Underscoring the monetary stability and fiscal policy risks, Reserve Bank of India (RBI) Deputy Governor T Rabi Sankar on Friday said that cryptocurrency is not really a currency because it does not have the basic features of money.
Speaking at the Mint Annual BFSI Conclave 2025, the RBI deputy governor described cryptocurrency as ‘just a piece of code,’ which is not even a financial asset or any kind of asset at all.
Sankar explained why these tokens don't qualify as money. “Cryptocurrencies have no intrinsic value. They are not backed by a promise to pay, and they have no issuer. Their value is purely speculative,” he observed.
Cryptocurrencies are digital or virtual currencies that run on decentralised blockchain networks rather than being issued or controlled by a central bank. In India, they remain unregulated, and while trading or transacting in them is neither banned nor illegal, such activity attracts heavy taxation.
“Beyond the facilitation of illicit payments and circumvention of capital measures, stablecoins raise significant concerns for monetary stability, fiscal policy, banking intermediation, and systemic resilience,” Sankar added.
Currency or deposits carry a promise from a trusted issuer, and money derives its credibility from the sovereign that backs its value.
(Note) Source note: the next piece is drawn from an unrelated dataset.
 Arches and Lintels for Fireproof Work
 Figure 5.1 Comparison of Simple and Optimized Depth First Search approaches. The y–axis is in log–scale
The fundamental challenge with cryptocurrencies is that they claim to redefine the very nature of money, yet represent no underlying value at all, Rabi Sankar said at the event.
RBI calls crypto ‘pure gambling’
On being asked whether crypto trading is the same as real money gambling, Sankar said unbacked cryptocurrencies are “pure gamble based on mathematical bets.”
The RBI deputy governor's view assumes significance as crypto traders simply place bets on price movements whenever an event occurs.
India imposed a nationwide ban on all real-money gaming apps in August 2025 when the Promotion and Regulation of Online Gaming Act, 2025, was enacted into law and formally enforced on 1 October 2025.
Rabi Sankar also pointed out that since cryptocurrencies like Bitcoin do not have any underlying cash flow, they cannot be called “financial assets”.